DATA FOR ANALYSIS =
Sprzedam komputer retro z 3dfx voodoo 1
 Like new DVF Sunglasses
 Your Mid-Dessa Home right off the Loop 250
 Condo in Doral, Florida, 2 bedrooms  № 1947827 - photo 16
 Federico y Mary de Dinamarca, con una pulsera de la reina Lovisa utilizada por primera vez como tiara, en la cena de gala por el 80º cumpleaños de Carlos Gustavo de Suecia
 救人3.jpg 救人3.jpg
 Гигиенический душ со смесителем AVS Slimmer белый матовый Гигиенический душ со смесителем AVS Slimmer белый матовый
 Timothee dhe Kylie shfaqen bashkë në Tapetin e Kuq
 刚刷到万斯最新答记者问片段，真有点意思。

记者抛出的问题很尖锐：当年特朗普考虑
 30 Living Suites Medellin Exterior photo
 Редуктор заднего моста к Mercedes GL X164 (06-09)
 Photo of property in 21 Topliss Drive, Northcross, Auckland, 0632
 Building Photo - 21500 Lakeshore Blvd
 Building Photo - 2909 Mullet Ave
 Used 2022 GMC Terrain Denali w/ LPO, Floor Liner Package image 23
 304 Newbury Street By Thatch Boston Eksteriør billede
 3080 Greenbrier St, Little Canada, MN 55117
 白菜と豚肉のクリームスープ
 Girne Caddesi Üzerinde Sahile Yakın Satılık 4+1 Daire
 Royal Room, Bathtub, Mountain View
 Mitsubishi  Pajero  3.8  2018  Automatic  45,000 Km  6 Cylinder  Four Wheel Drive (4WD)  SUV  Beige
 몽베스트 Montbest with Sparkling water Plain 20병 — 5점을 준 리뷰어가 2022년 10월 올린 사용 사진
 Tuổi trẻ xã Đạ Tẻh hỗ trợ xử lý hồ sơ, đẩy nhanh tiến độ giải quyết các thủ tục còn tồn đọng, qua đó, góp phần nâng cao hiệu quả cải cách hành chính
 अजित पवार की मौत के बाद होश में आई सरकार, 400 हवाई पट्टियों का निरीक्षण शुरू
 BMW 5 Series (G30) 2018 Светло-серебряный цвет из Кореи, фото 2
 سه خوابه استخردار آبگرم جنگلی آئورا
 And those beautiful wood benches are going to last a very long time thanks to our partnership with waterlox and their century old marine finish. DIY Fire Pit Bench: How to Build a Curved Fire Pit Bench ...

TASK DIRECTIONS =
All entries must be duplicated exactly, with none left out.

RESPONSE FOR THIS EXERCISE =
Sprzedam komputer retro z 3dfx voodoo 1
 Like new DVF Sunglasses
 Your Mid-Dessa Home right off the Loop 250
 Condo in Doral, Florida, 2 bedrooms  № 1947827 - photo 16
 Federico y Mary de Dinamarca, con una pulsera de la reina Lovisa utilizada por primera vez como tiara, en la cena de gala por el 80º cumpleaños de Carlos Gustavo de Suecia
 救人3.jpg 救人3.jpg
 Гигиенический душ со смесителем AVS Slimmer белый матовый Гигиенический душ со смесителем AVS Slimmer белый матовый
 Timothee dhe Kylie shfaqen bashkë në Tapetin e Kuq
 刚刷到万斯最新答记者问片段，真有点意思。

记者抛出的问题很尖锐：当年特朗普考虑
 30 Living Suites Medellin Exterior photo
 Редуктор заднего моста к Mercedes GL X164 (06-09)
 Photo of property in 21 Topliss Drive, Northcross, Auckland, 0632
 Building Photo - 21500 Lakeshore Blvd
 Building Photo - 2909 Mullet Ave
 Used 2022 GMC Terrain Denali w/ LPO, Floor Liner Package image 23
 304 Newbury Street By Thatch Boston Eksteriør billede
 3080 Greenbrier St, Little Canada, MN 55117
 白菜と豚肉のクリームスープ
 Girne Caddesi Üzerinde Sahile Yakın Satılık 4+1 Daire
 Royal Room, Bathtub, Mountain View
 Mitsubishi  Pajero  3.8  2018  Automatic  45,000 Km  6 Cylinder  Four Wheel Drive (4WD)  SUV  Beige
 몽베스트 Montbest with Sparkling water Plain 20병 — 5점을 준 리뷰어가 2022년 10월 올린 사용 사진
 Tuổi trẻ xã Đạ Tẻh hỗ trợ xử lý hồ sơ, đẩy nhanh tiến độ giải quyết các thủ tục còn tồn đọng, qua đó, góp phần nâng cao hiệu quả cải cách hành chính
 अजित पवार की मौत के बाद होश में आई सरकार, 400 हवाई पट्टियों का निरीक्षण शुरू
 BMW 5 Series (G30) 2018 Светло-серебряный цвет из Кореи, фото 2
 سه خوابه استخردار آبگرم جنگلی آئورا
 And those beautiful wood benches are going to last a very long time thanks to our partnership with waterlox and their century old marine finish. DIY Fire Pit Bench: How to Build a Curved Fire Pit Bench ...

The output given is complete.